Library Guides: Data Analysis with Stata: Manipulation

Happiness and GDP

This tutorial shows you how you can use Stata to produce Table 1 and Figure 1 below.

It covers the following topics:

How to merge two datasets correctly
How to generate and label new variables
When and how to collapse observations
How to plot a graph

This tutorial is most beneficial if you fire up Stata and follow along, step by step.

Goal

Our goal is to produce Table 1 and Figure 1 below. Figure 1 is a visualization of the data contained in Table 1.

Table 1

Figure 1

We will basically be replicating a small part of this paper: http://www.jstor.org/stable/30033632?origin=JSTOR-pdf

Step 1

Start a new do-file and save it in a folder of your choice.

On the very first line of the do-file, type the following:

cd Your_Folder
clear all
set more off

where Your_Folder is the full path to the folder of your choice. If this path contains whitespace, you will have to enclose the entire path in double quotes.

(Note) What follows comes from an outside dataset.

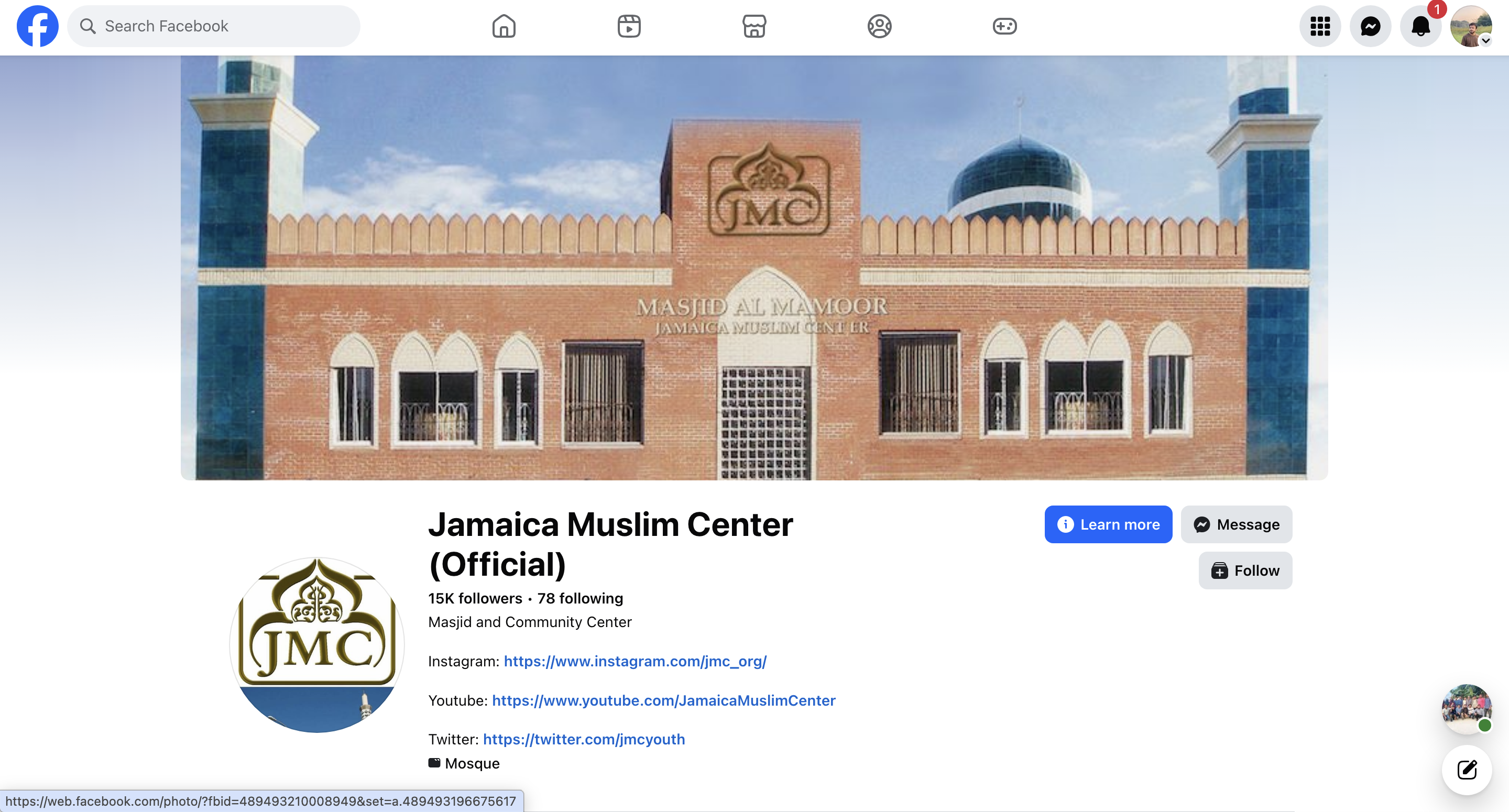 Jamaica Muslim Center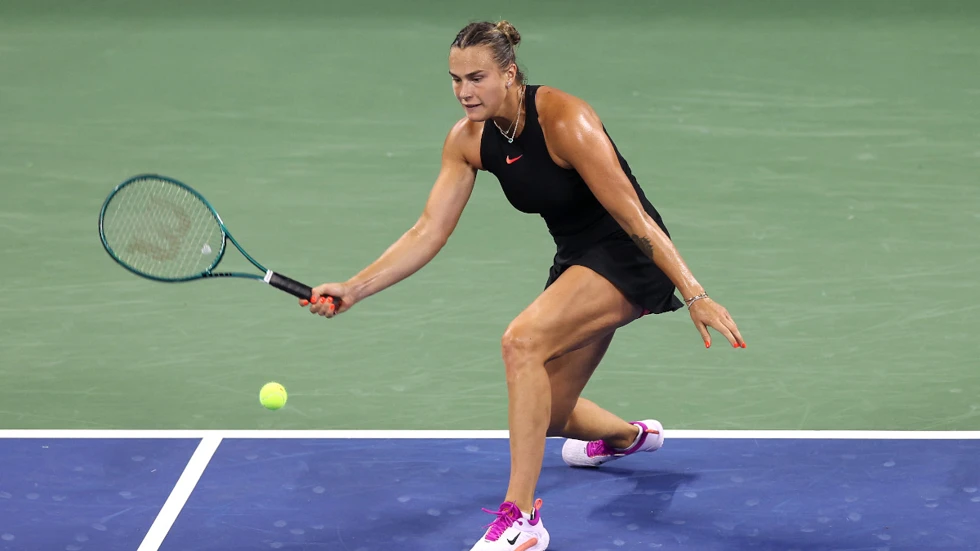 Sabalenka cruises past Hon in US Open first round SuperSport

The cd command stands for "change directory"; it instructs Stata to treat Your_Folder as the current working directory. This folder is where Stata will look for files to read and where Stata will save files that are produced in the present session.
To find out your current working directory, use the pwd command.
To get Stata to execute a single line or successive lines of code from a do-file, highlight the line/s and click the "Do" button at the top of the do-file editor.

You will be working from this do-file for the rest of this exercise. (You do not have to use a do-file, but there are advantages to using one.)

Step 2

Load the following dataset into Stata using the use command.

use "http://www3.nd.edu/~jng2/libguide/gss_happy.dta", clear

Alternatively, you could download the file onto your hard drive and save it in your current working directory. You would then load the file by typing

use gss_happy

So that you do not lose your work, enter the command in the do-file you created in Step 1, and then execute it.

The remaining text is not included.